[EXERCISE]:
Given the records underneath, please repeat exactly the lines from the line with "103 W Palmdale" through the line with "The Ultimate of", passing over any picture.

[ENTRIES PROVIDED Boundary: Start]

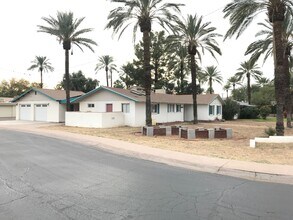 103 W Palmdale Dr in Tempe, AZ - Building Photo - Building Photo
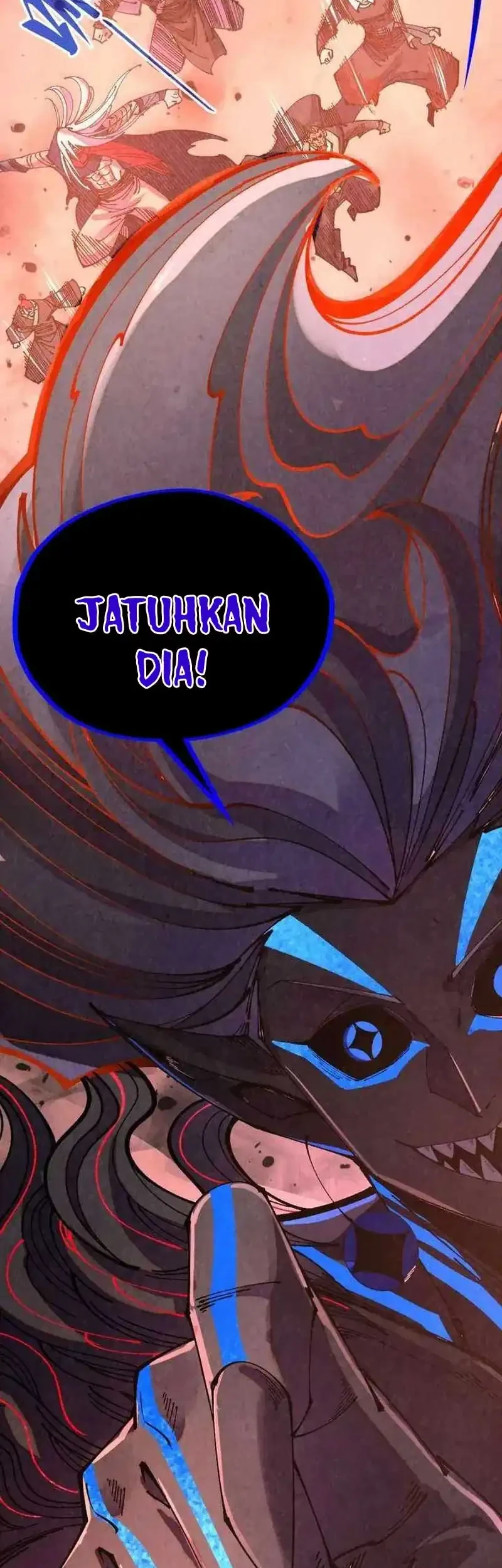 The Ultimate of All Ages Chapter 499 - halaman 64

[ENTRIES PROVIDED Boundary: End]
[ENTRIES PROVIDED Boundary: Start]

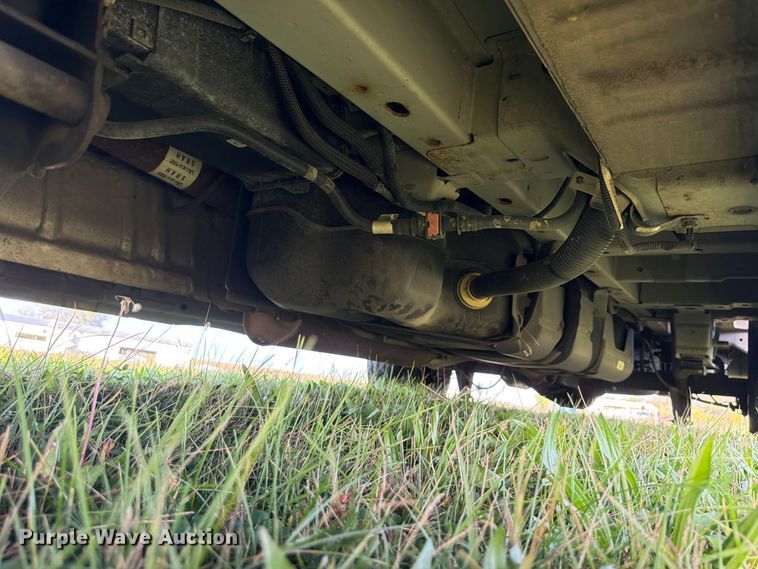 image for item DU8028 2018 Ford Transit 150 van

[ENTRIES PROVIDED Boundary: End]
[ENTRIES PROVIDED Boundary: Start]

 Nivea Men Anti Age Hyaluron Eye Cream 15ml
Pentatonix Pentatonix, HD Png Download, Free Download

[ENTRIES PROVIDED Boundary: End]

[WRITTEN ANSWER]:
 103 W Palmdale Dr in Tempe, AZ - Building Photo - Building Photo
 The Ultimate of All Ages Chapter 499 - halaman 64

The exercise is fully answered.